Very carefully, I walked down the deck steps and found a quiet spot in the corner, then sat myself down. The bunny timidly approached, then plopped himself down about ten feet away. He then watched as I slowly finished eating my strawberries, occasionally scratching his ear or wriggling his nose but nevertheless rooted to his “spot”.
While I sat there I listened…listened to the cardinal, the thrasher, the finch and mockingbird all going about their business…listened to the wind rustling through the trees…listened to the crackling of dead leaves on the ground that told me a squirrel was nearby. And at that instant in time, I was completely attuned to the moment and one with my surroundings. And I felt complete serenity along with the joy of being alive. Eventually I got up and left my rabbit friend, shaking my head as I went back inside.
There were many things I learned from this whole experience. I have always been a person who needed to fix things, fix relationships, make things fit. And as such, I felt the need to be in control. In this instance, I had set out to make the animals adapt to me. Instead, I wound up adapting to them.
I became an observer, rather than a pursuer and in letting go of my ambitions, I got exactly what I had wanted all along. Sometimes, it is in the letting go that we find the answers we are looking for. And sometimes we just need to listen. For it is in the silence, that we learn what could not be seen or heard above the din of endless noise and chatter.

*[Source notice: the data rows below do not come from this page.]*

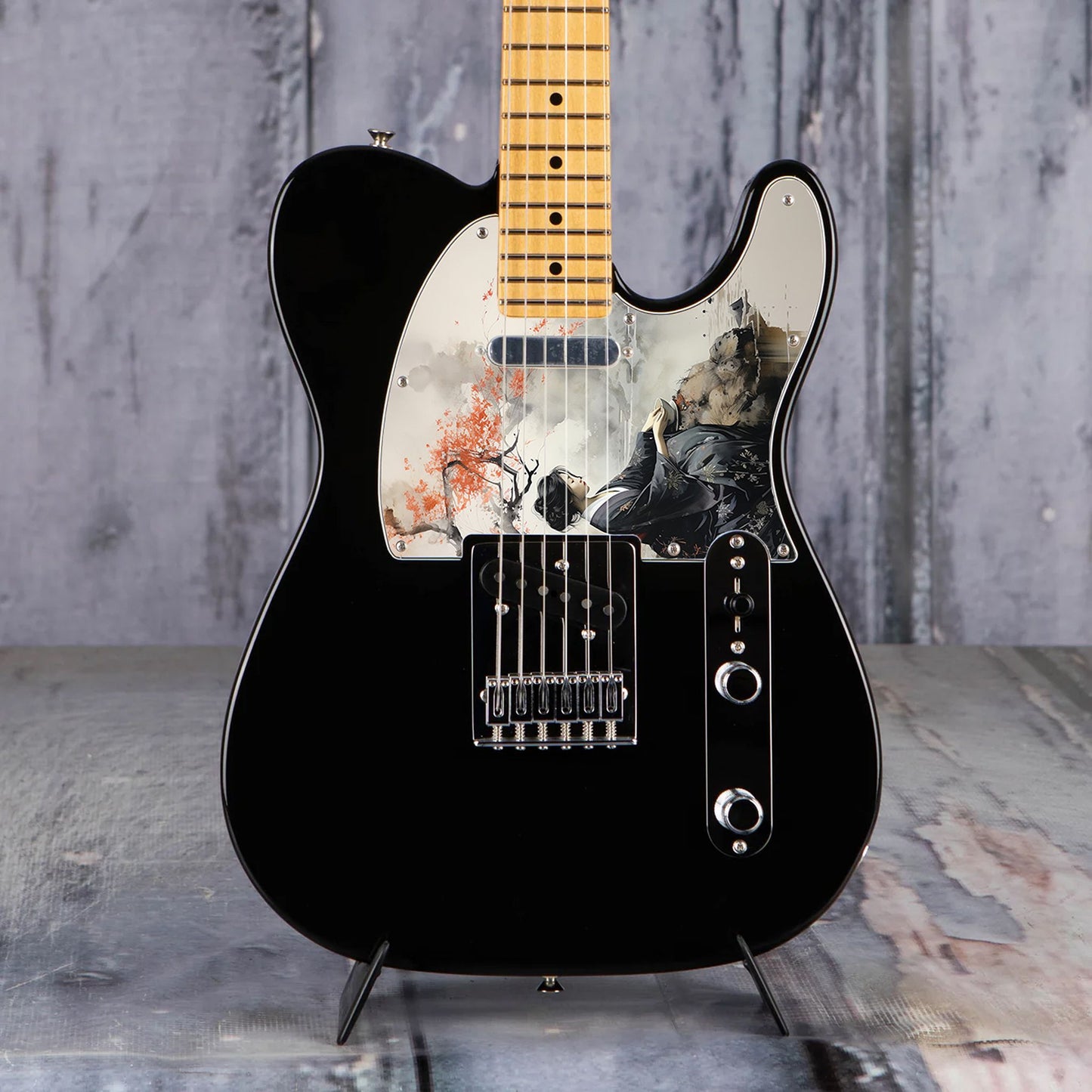 Egyedi Fender Telecaster gitár koptató japán nőalak ábrázolásával, fekete kimonóban, vörös levelű fa alatt ülve a folyóparton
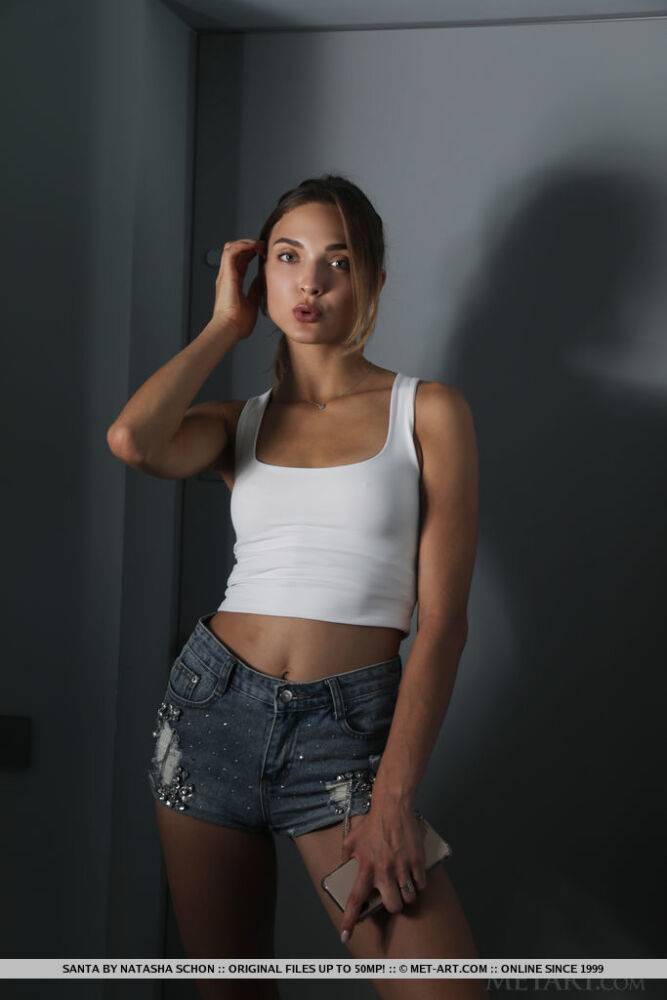 Beautiful teen Santa doffs a tank top and cutoff shorts to model in the nude - #13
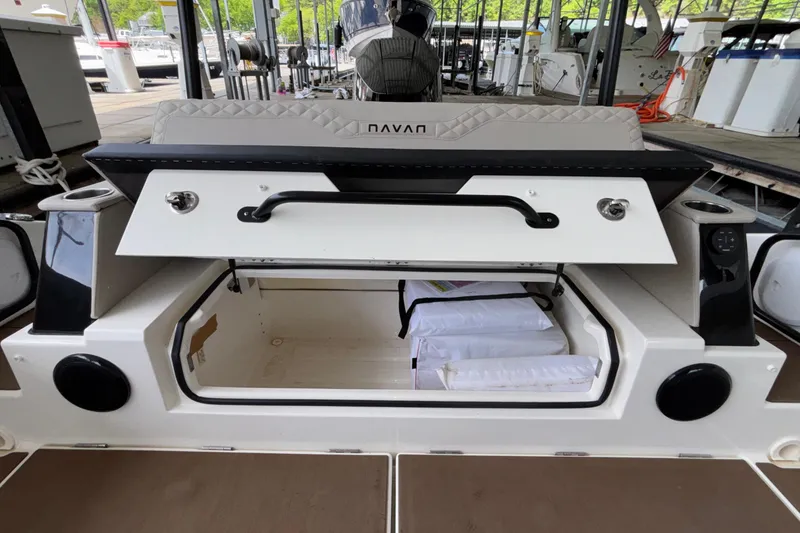 Slide: The Image of Open storage compartment on 2025 Navan S30 boat at marina. - 19
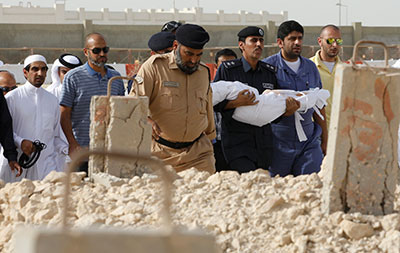 A civil defense officer carries the body of a young victim a mall fire during a funeral in Doha on May 29, 2012. Hearings to determine criminal responsibility for the fire are underway. (Reuters/Hamad I Mohammed)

I had never realized before just how intricate a world was in my own back yard. I was simply too busy making plans, molding my part of the world, making everything “fit”. There is a lot to be said for simply “being” instead of always “doing”.
A friend and I recently discussed just that: The idea of “being” …And being in the present to simply savor each and every moment. Photography has taught me the joy of doing just that by opening my eyes to the world around me. Like studying the “I Spy” children’s books, I have now become aware of the hidden objects in my everyday life.
And now having been opened to that whole new world, I have evolved. I am in the present, yesterday gone, tomorrow a hope and a glimmer. I am letting go of all expectation and simply observing and growing each and every day. My eyes are opened to possibility in all its forms. And that leads me to believe that perhaps the veil between this world and the spirit one really is not so obscure. All one needs are eyes that are willing to “see”.